My favourite recipe for these is from the great Nigella, and I’ve not changed a great deal because her ratios are perfect.
You can skip the contrasting centres and the berries if you like, but both are excellent if you have them lying around
You will need 6 individual pudding moulds, or darioles, for this recipe. It’s really not a tricky thing to bake, but I appreciate that not everyone has darioles. Sadly, I don’t think normal ramekins would work for this, because they’re not as deep, so the puddings would be likely to cook through and you wouldn’t get the molten centre. Darioles aren’t expensive though, if you’d like to have a go at this recipe and you don’t have any to hand…
You can also serve these with cream or ice cream, but honestly, with the liquid centres I don’t think you need anything extra.
This recipe makes six individual puddings. If you don’t need six at once, keep the spares in the fridge until you want to eat them, and cook when you’re ready.
350 grams good dark chocolate (I like Green & Black’s 70% for this)
50 grams soft butter (plus more for greasing)
cocoa powder, for dusting
150 grams caster sugar
4 large eggs (beaten with pinch of salt)
1 tsp vanilla extract
50 grams Italian 00 flour if you have it, or plain is fine if you don’t (I have tried both and prefer the texture from pasta flour)
6 tsp smooth peanut butter or salted caramel (or both!)
a handful of fresh or frozen mixed berries
- Pop your chocolate in a glass bowl over a pan of simmering water to melt, and stir it occasionally. Preheat your oven to 200C/180C fan/gas 6 and pop a baking sheet in there to heat up (unless you are cooking the puddings later).
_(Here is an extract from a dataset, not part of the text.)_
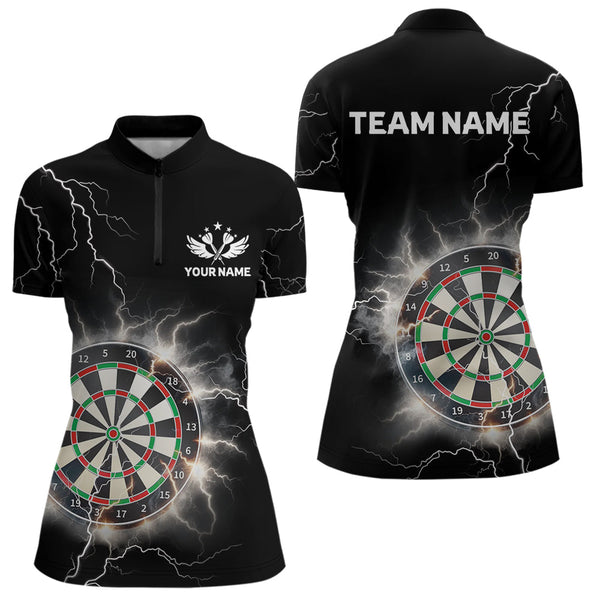 Maxcorners Custom Dartboard Thunder Lightning Dart Shirts For Men | Darts Polo & 1/4 Zip Team Jerseys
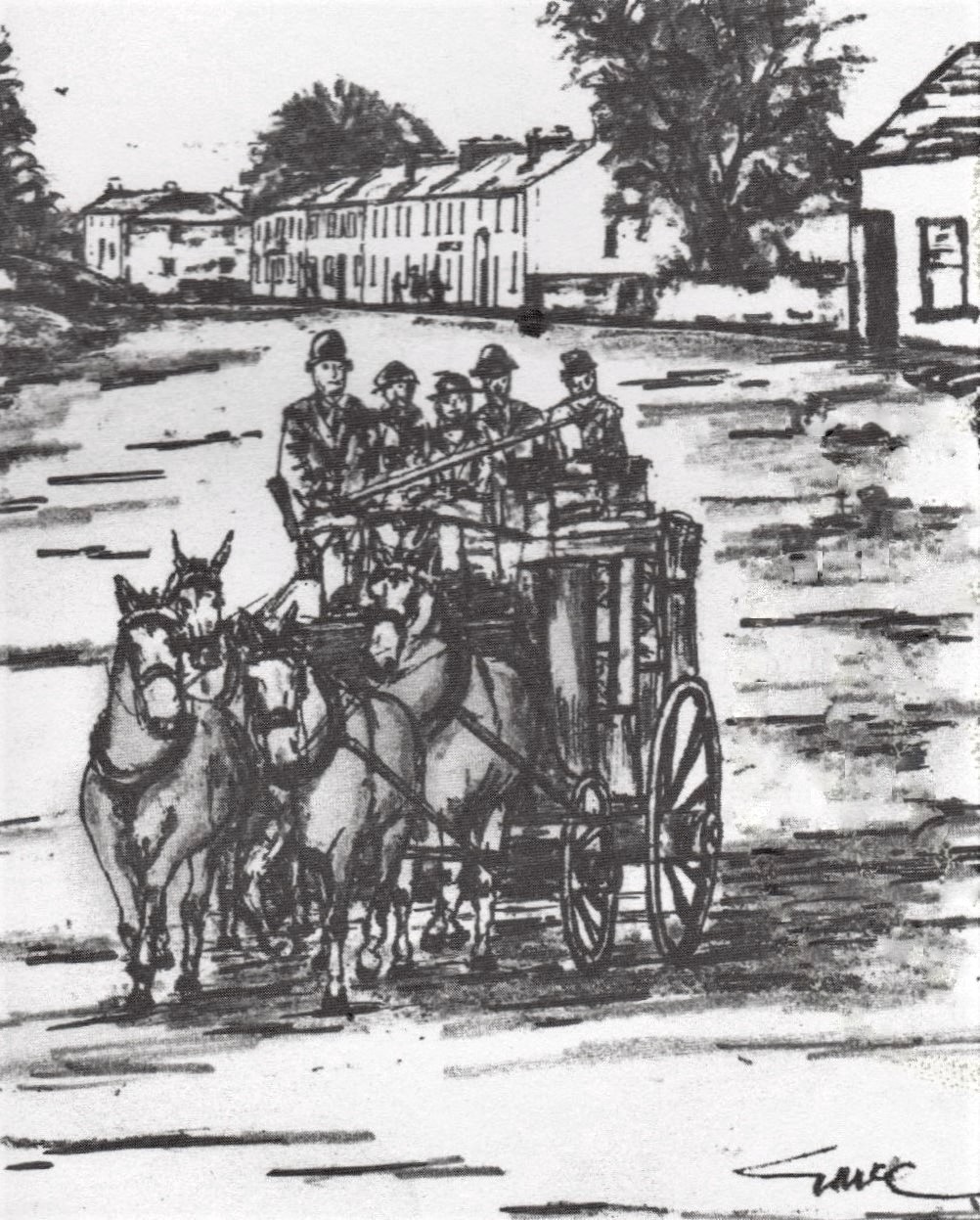 Gerry McCabe | The Ashbourne Story | Tuesday 15 August 2023 – Saturday 6 April 2024 | Toradh Gallery | Image: artwork by Gerry McCabe | the piece is a charcoal drawing or an etching; we see four horses heading towards and to the left of the viewer; the horses are drawing a carriage and we see the driver plus four men sitting at roof level of the carriage; behind is a road and townscape with trees, presumably Ashbourne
Butter your six darioles, line the base of each with a little circle of baking paper, then dust them with cocoa powder and tap out the excess.
- When your chocolate has melted, take the bowl off the heat to cool a little. In another bowl, cream together your butter and sugar until well-combined. Gradually beat in your eggs and salt, and then your vanilla. Sprinkle the flour over the batter, and then mix again until well combined. Add your melted chocolate, then mix again until well combined and smooth – you should have a fairly thin, glossy batter.
- Divide two thirds of the batter between your six darioles, until they’re each around two thirds full, then add a generous teaspoon of peanut butter (or salted caramel) to each. Divide the remainder of the batter between your darioles, covering the filling, and smooth the tops.
- If you’re cooking them later, pop your moulds into the fridge until needed. If you’re cooking right away, pop them in the oven for 10 minutes (12 if cooking from the fridge). If you’re serving with frozen berries, just microwave them for one minute until they’re warm and releasing their juices. To serve, turn each pudding out onto a plate, top with a spoonful of berries, and eat immediately.